# DATASET RECORDS:
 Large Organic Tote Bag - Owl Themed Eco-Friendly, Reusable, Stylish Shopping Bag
* * *
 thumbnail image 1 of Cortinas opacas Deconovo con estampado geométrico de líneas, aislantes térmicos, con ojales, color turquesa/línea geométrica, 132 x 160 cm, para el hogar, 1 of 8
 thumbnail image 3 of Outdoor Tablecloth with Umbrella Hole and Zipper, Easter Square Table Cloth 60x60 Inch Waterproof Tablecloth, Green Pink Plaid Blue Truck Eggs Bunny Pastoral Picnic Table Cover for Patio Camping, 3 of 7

# TASK DESCRIPTION:
Word for word, restate the lines of the data above that fall between the line holding "thumbnail image 1" and the line holding "thumbnail image 3", inclusive, and no other lines.

# TASK ANSWER:
 thumbnail image 1 of Cortinas opacas Deconovo con estampado geométrico de líneas, aislantes térmicos, con ojales, color turquesa/línea geométrica, 132 x 160 cm, para el hogar, 1 of 8
 thumbnail image 3 of Outdoor Tablecloth with Umbrella Hole and Zipper, Easter Square Table Cloth 60x60 Inch Waterproof Tablecloth, Green Pink Plaid Blue Truck Eggs Bunny Pastoral Picnic Table Cover for Patio Camping, 3 of 7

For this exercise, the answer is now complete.